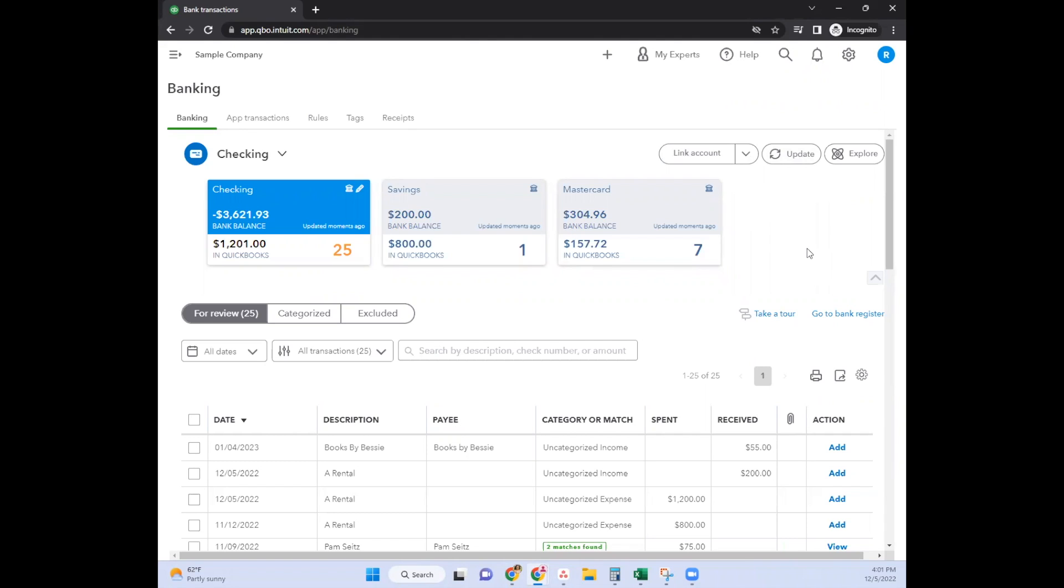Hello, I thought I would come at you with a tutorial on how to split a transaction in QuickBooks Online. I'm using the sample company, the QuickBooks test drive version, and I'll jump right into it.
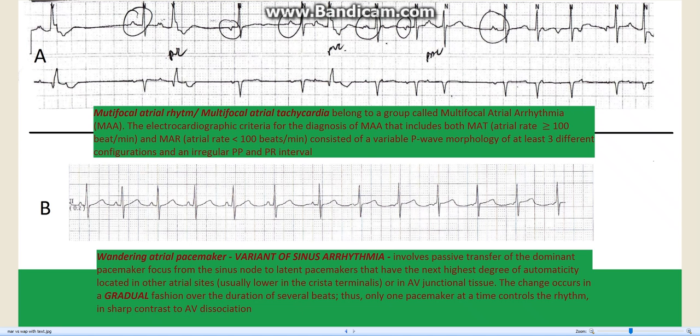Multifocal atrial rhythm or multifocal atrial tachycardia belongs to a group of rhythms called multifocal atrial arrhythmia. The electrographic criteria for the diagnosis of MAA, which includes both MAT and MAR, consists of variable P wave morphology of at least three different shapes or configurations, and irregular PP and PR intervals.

--

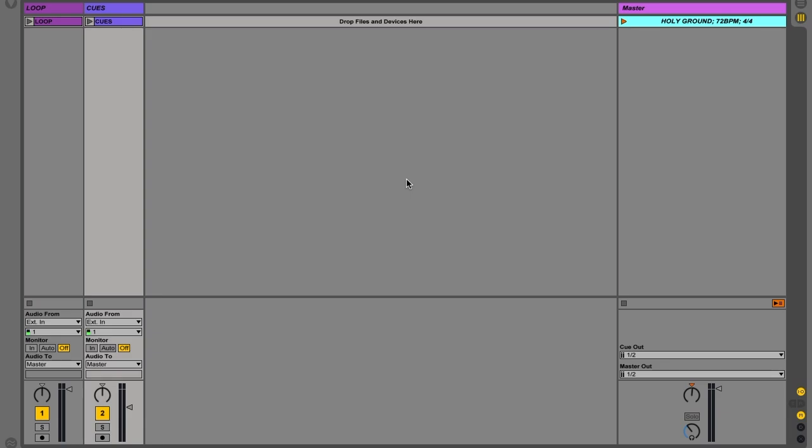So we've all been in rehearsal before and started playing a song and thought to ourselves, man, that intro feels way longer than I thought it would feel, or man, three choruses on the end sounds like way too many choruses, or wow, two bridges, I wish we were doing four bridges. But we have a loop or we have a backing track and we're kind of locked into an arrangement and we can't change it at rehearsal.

---

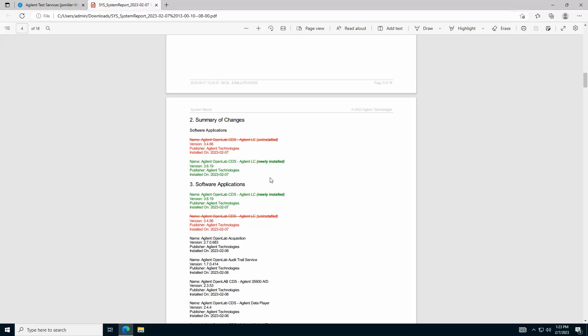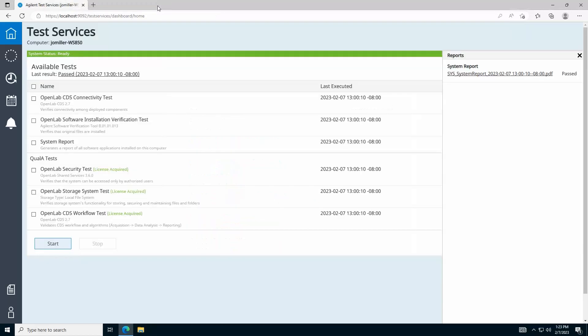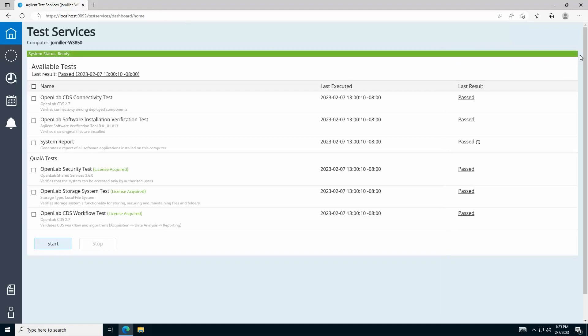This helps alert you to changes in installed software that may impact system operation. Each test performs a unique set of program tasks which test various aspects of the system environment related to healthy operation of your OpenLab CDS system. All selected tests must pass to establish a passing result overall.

# To do
From the line holding "Hello, I thought" to the line holding "Multifocal atrial rhythm", both included, retype the entries above exactly and drop the pictures.

# Response to this exercise
Hello, I thought I would come at you with a tutorial on how to split a transaction in QuickBooks Online. I'm using the sample company, the QuickBooks test drive version, and I'll jump right into it.
Multifocal atrial rhythm or multifocal atrial tachycardia belongs to a group of rhythms called multifocal atrial arrhythmia. The electrographic criteria for the diagnosis of MAA, which includes both MAT and MAR, consists of variable P wave morphology of at least three different shapes or configurations, and irregular PP and PR intervals.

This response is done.